Referring to the four-spin amplitude of fig. 1, where dashed
lines denote $n_{1/16}$ charges and continuous lines denote $n_0$
charges, let us observe that only the identity flows in the $s$ channel
(fig. 1a), while both the identity and the energy flow in the $u$
channel.  Aside from a prefactor, the amplitude of fig. 1a is \be A_a
\ = \ Tr({\Lambda_1}^T \ {\Lambda_2} \ {\Lambda_3}^T \ {\Lambda_4})
\   \sqrt{1 + \sqrt{1-x}} \qquad , \label{aas} \ee where the limit of
small values for the cross-ratio  $x = {\small{{z_{12} z_{34}} \over
{z_{13} z_{24}}}}$ exhibits the $s$ channel, while the transformation
$x \rightarrow (1-x)$ exposes  the $u$ channel.  The duality
transformations of the conformal blocks amount in this case to a
familiar identity and, dropping again a prefactor, $A_a$ becomes
\be
A_a \ = \  Tr(  {\Lambda_4} \ {\Lambda_1}^T \ {\Lambda_2} \
{\Lambda_3}^T ) \
\biggl(\sqrt{1 +  \sqrt{1-x}} + \sqrt{1 -
\sqrt{1-x}} \ \biggr) \qquad .
\label{aau}
\ee

The corresponding ``twisted'' $u$-channel contribution of fig. 1b
unfolds into an amplitude where the identity flows in the $t$ channel while,
again, both the identity and the energy flow in the $u$ channel, with the {\it
same} sign.
Indeed, following ref. \cite{schwarz}, the ``twisted'' contribution may be
exposed by performing the transformation $x \rightarrow x/(1+x)$
in an amplitude obtained from eq. (\ref{aau}) by the
interchange of the external legs $2$ and $3$.  This operation may be
regarded as the
the braiding $B_1 : x \rightarrow e^{i \pi} \ x/(1-x)$ followed by the
reflection $x \rightarrow e^{- i \pi} \ x$.  The
``twisted'' contribution is then
\be
A_a^{(tw)} \ = \ Tr(  {\Lambda_4} \ {\Lambda_1}^T \ {\Lambda_3} \
{\Lambda_2}^T ) \ \biggl(\sqrt{1 +  \sqrt{1+x}} + \sqrt{\sqrt{1+x}-1} \
\biggr) \qquad ,  \label{aat}
\ee
and thus {\it for all levels} the identity and energy states with
a pair of $n_{1/16}$ charges have identical ``twist'' properties,
consistently with the M\"obius amplitude of eq. (\ref{misingr}).

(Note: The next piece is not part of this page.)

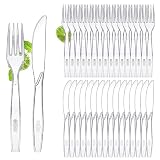 Hejo Plastikbesteck, 200 Stück Wiederverwendbares Partygeschirr, Plastikgeschirr Set, Party Besteck für Party, Hochzeit, Picknick, Bank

The four-spin amplitude for the Ising model with complex charges
is displayed in fig. 2.  As before,
dashed lines denote $n_{1/16}$ charges, but now the remaining
lines carry arrows associated to the ``complex'' charges $m$ and
$\bar{m}$, and eq. (\ref{aau}) is replaced by
\be
A_b \ = \ Tr({M_1}^{\dagger} \ {M_2} \ {M_3}^{\dagger} \
{M_4}) \ \biggl(\sqrt{1 +
\sqrt{1-x}} + \sqrt{1 -
\sqrt{1-x}} \ \biggr) \qquad .
\label{acu}
\ee
However, unfolding  the ``twisted'' diagram now inverts the relative
orientation  of the arrows (fig. 2b) and, consistently with the
partition function, the resulting amplitude
\be
A_b^{(tw)} \ = \ Tr({M_1}^{\dagger} \ {M_3}^{\ast} \ {M_2}^{T} \ {M_4}) \
\sqrt{1 - \sqrt{1-x}}
\label{acs}
\ee
propagates the energy, not the identity, in the
$t$ channel.  Therefore, the ``twisted'' $u$-channel contribution
to $A_b$,
\be
A_b^{(tw)} \ = \ Tr({M_1}^{\dagger} \ {M_3}^{\ast} \ {M_2}^{T} \ {M_4}) \
\biggl(\sqrt{1 + \sqrt{1+x}} - \sqrt{\sqrt{1+x}-1} \ \biggr) \qquad  ,
\label{act}
\ee
now involves energy and identity with {\it opposite} signs.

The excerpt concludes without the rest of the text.